Aftermarket bezels, bezel inserts, crowns, crystals, hands, straps… the list goes on and on. Some have applied ceramic coatings to give their SKX a blackout look. Others have swapped the 7S26 movement for another with complications such as a GMT, essentially making a completely new watch.
Unfamiliar with the watch modification hobby? Fear not. Seiko SKX modding communities thrive on online forums and they’re quite receptive to newcomers.
Never modded a wristwatch before? You’re with the majority of watch collectors. Nevertheless, tutorials and how-to’s are also plentiful, in written or video format.
A popular first mod for those looking into SKX customization seems to be a bezel insert change. For example, for around $50 you can outfit your SKX with a shiny new ceramic bezel insert.
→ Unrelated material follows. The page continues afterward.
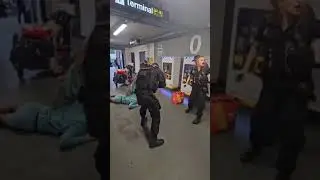 #Manchester#Airport This happened Last night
However, by the time you’ve learned how easy it is to modify your SKX, you’re likely already hooked and the modding expenses are sure to increase from that point forward.
Seiko SKX Price Point
Lastly, though certainly not least important, is the price point of the Seiko SKX. As mentioned above, even after discontinuation, you can pick up a standard SKX007 (Black dial / black bezel) for less than $500.
That’s a renowned dive watch style with a solid automatic movement, day-date complication, and tons of mod options for less than $500. You’ll be hard-pressed to find a better deal especially considering the popularity of the SKX. Such demand for watch models generally equates to thousand-dollar premiums in the watch industry.
Luckily for those with smaller budgets, Seiko has managed to create this microcosm within the luxury watch sector where you can fulfill your watch collecting desires for hundreds as opposed to thousands of dollars.
Should I Buy A Seiko SKX?
Taking into account all of the above points, there’s only one question left to ask: Should you buy a Seiko SKX?
Yes. If you’re this far into researching the SKX, it’s likely that you’re already captivated by the looks of the watch. And if you like how it looks, you’re going to like how it wears.
After this, there are really no aspects of the watch that could prevent you from enjoying it fully. The water resistance ensures you never have to take it off and the robust construction ensures it will keep recording the time and date accurately. All that’s left is to consider how much you may want to modify it, but even if you make no modifications to your SKX, you’re going to be satisfied with the original configuration.
Which Seiko SKX to Buy?
Deciding which SKX model to buy is akin to deciding which ice cream flavor you want. There are tons of options for you to pick from and they’re all good. In the end, it comes down to what you’re looking for.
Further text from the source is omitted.